Boa tarde, concidadãos. Por entre estas quatro paredes da sétima semana de recolhimento, tenho apreciado a forma diligentemente portuguesa de atacar o vírus: falar imenso dele e fazer relativamente pouco.
Eu não queria incomodar-vos, porque sei reconhecer o prazer de se levar uma tarde ancorado numa esplanada, e muito menos gostaria de sugerir o fim abrupto da ansiada época balnear, mas assim não vale a pena. Custa, mas tem de ser.
O País tem de entrar em quarentena na totalidade quanto antes. Os italianos chegaram à única conclusão possível a que os chineses também já tinham chegado. Veja-se Madrid com centenas de novos casos a cada dia. Não se pode dar tréguas a tamanho descontrolo. Já se destacou aí o exemplo de Macau, mas Macau está a seguir os mesmos procedimentos da China continental. O que fez foi fechar as portas e pronto. Com a diferença de que apesar da maior densidade populacional do mundo (mais de 18 000 pessoas por km2) Macau tem uma área de apenas 30 km2 (há inúmeras freguesias portuguesas maiores que isso) e um istmo de ligação ao continente que é autenticamente um túnel de acesso – a única meia dúzia de metros que não está rodeada de mar.

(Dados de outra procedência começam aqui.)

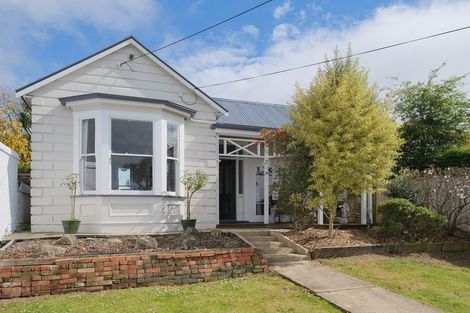 Photo of property in 37 Falkland Street, Maori Hill, Dunedin, 9010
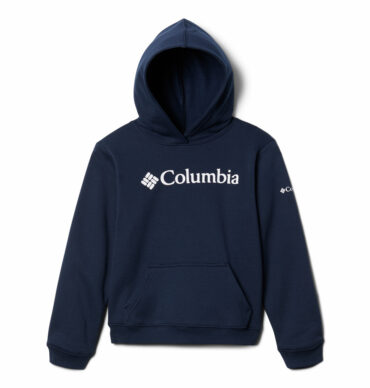 Columbia Trek™ Hoodie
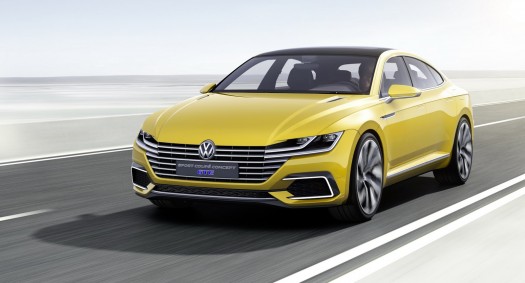 VW-Sport-Coupe-Concept-7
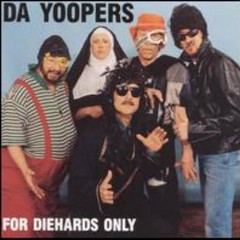 Da Yoopers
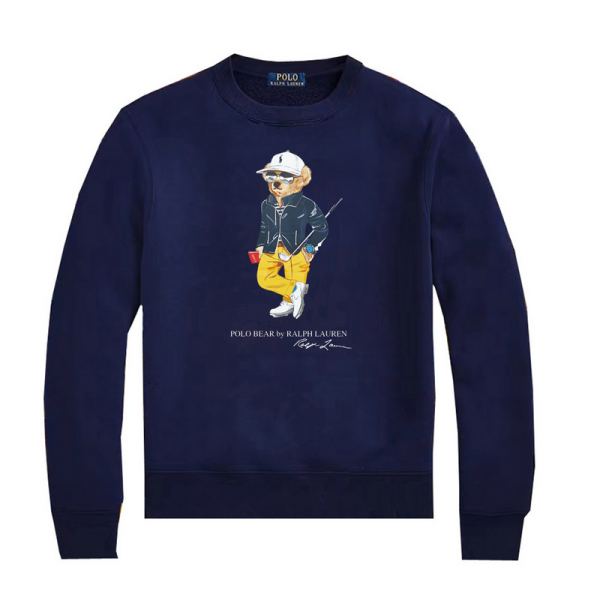 designer,replica,clothing,fake,1:1,lv,luxury,high quality 23/POLO men’s new long-sleeved T-shirt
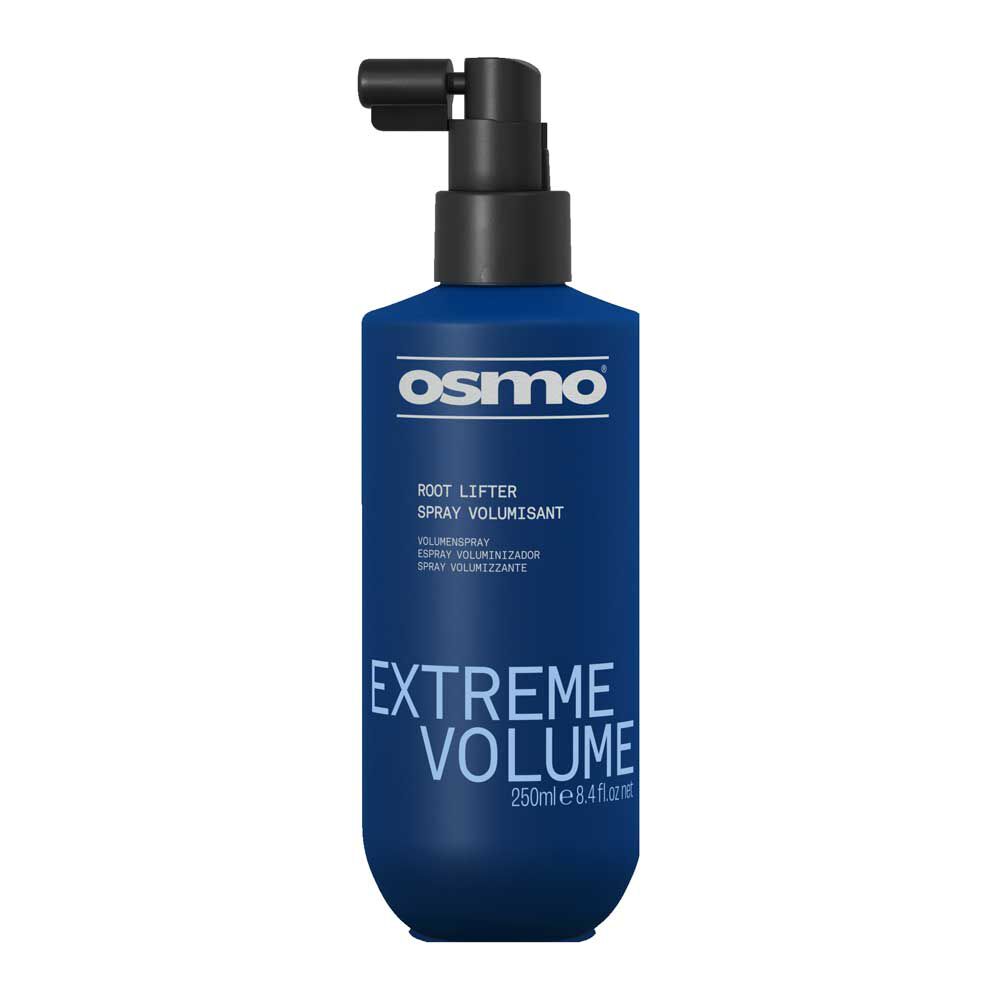 Osmo Extreme Volume Volumespray 250ml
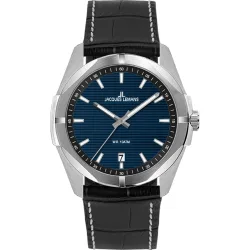 Jacques Lemans Uhren - Melbourne - 1-2176C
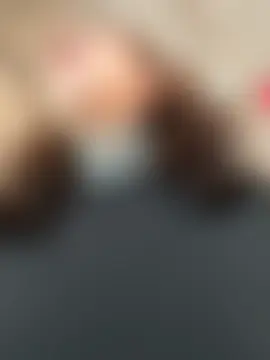 FionaMurr's Live Sex Cam Show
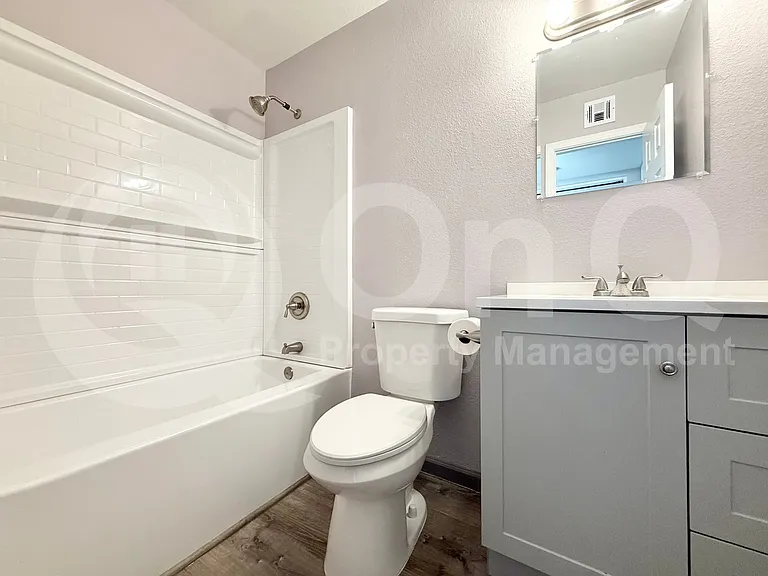 830 S Dobson Rd #46 — Photo 12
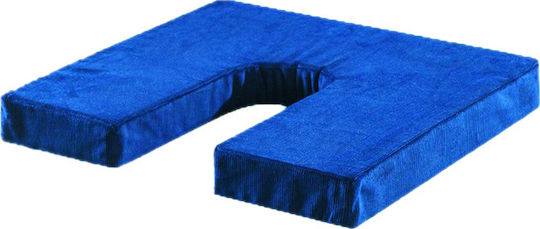 Anatomic Help Pernă pentru scaun cu rotile 0237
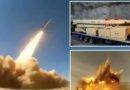 Đã rõ tại sao Nga mua tên lửa Triều Tiên chứ không phải của Iran?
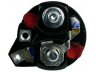PowerMax 1011203 solenoidinis jungiklis, starteris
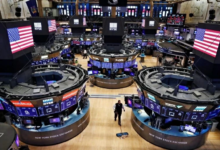 استثمار 1000 ريال في أبل: كيف أصبح 1.37 مليون ريال؟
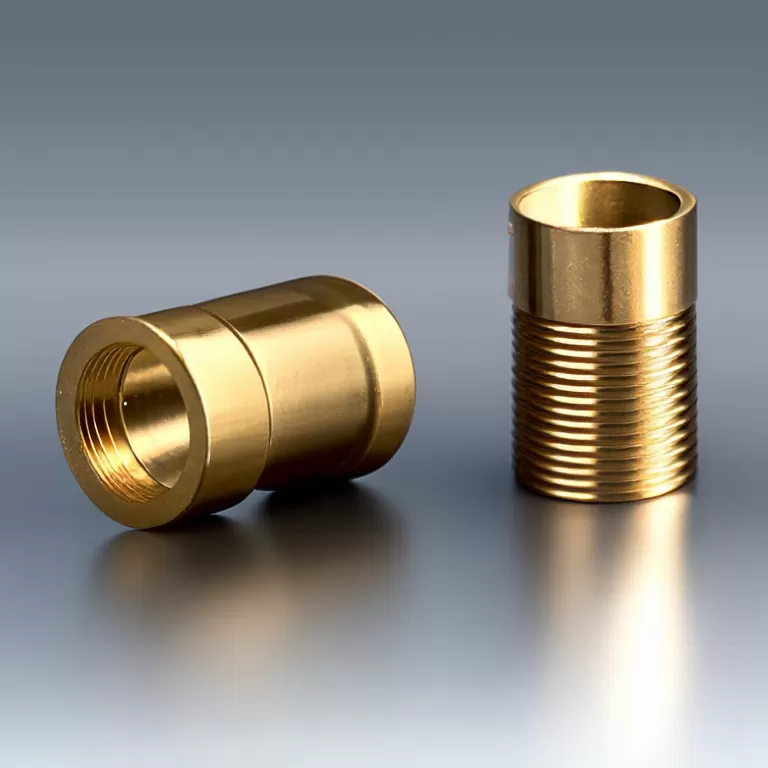Single vs Double Brass Cylinders: Which One Fits 70mm Applications?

Não houve ciência nenhuma. Fechou-se a torneira, disse-se a alunos e trabalhadores que estavam de férias do Ano Novo chinês para ficarem onde estavam (e assim continuam) e agora decretou-se que cidadãos vindos de países em risco tenham de ficar durante 15 dias de quarentena num hospital preparado para o efeito, pagando as despesas do próprio bolso, aliás, tal como a China continental também decretou. Ou seja, fez-se parar todo o território à exceção dos serviços essenciais. E assim estamos, uns e outros, praticamente parados há sete semanas.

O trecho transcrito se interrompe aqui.